I must admit that the example I’ve chosen is not the clearest because it really suggests the solution with table partitioning. I’ve updated text a little bit to make it more clear that the deletion condition could be ad-hoc, to focus on replication.
I had this problem and solved it with partitioning as well. I think time-series data is prone to this problem, which is why there are time series databases and plugins for ordinary relational databases. Outside this circumstance, I just don’t seem to run into bulk data removal that often.
It might be good to specify which database engines this is talking about. Some of the fine points about tables and indexes getting locked and not allowing concurrent inserts are pretty engine-dependent, but the article implies that they’re universally true.
Replication lag is certainly a real concern for write operations that touch large numbers of rows. When I ran into a similar situation (with updates rather than deletes in my case, but same concept), I ended up solving it by chunking the work like the article describes, but rather than using fixed-duration pauses between chunks, I monitored replication lag in the application code and only proceeded with the next chunk if lag was below a threshold. That had the added benefit of being resilient against spikes in write activity from other sources while the job was running.

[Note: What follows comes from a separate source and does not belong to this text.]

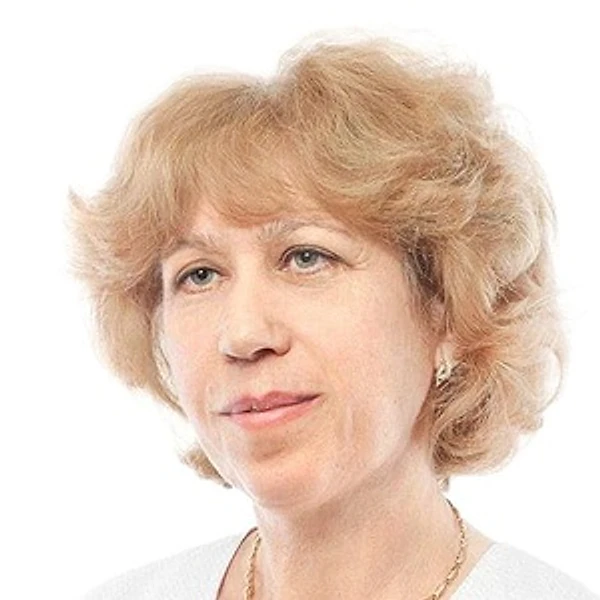 Максимова Любовь Евгеньевна — Детский невролог, Москва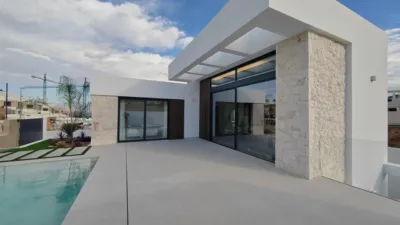 Casa – Rojales, Ciudad Quesada - Más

I tried to add a lot of weasel-wording, but maybe not enough. I think what I’m trying to say is not that “they’re universally true”, but that “there is a chance that you will sooner or later deal with that problem so you should be prepared”.
In the end, what if you’re just lucky, and you just YOLO DELETE whatever you want, and your servers just manage to do that without anyone noticing or caring, and your replication just manages to deal with the traffic. Then you will continue living happily, not aware that you just dodged the bullet. But it won’t save you some other time and you will have to find that out.
So, I guess I try to replicate what happens during the technical interviews: keep piling up complications to initial simple solution to see how the candidate would deal with those.
rather than using fixed-duration pauses between chunks, I monitored replication lag in the application code and only proceeded with the next chunk if lag was below a threshold.
Some people just want to reveal all the spoilers, don’t they?
Some of the fine points about tables and indexes getting locked and not allowing concurrent inserts are pretty engine-dependent
So, suppose that we create a 10M-rows table on a not-too-fast hardware to make it easier to reproduce locks. We run a number of fast clients that do many random single-row insert/update/deletes. Then, in parallel, we run “DELETE FROM foo WHERE id % 2 = 0” (every other row), basically forcing it to work on entire index.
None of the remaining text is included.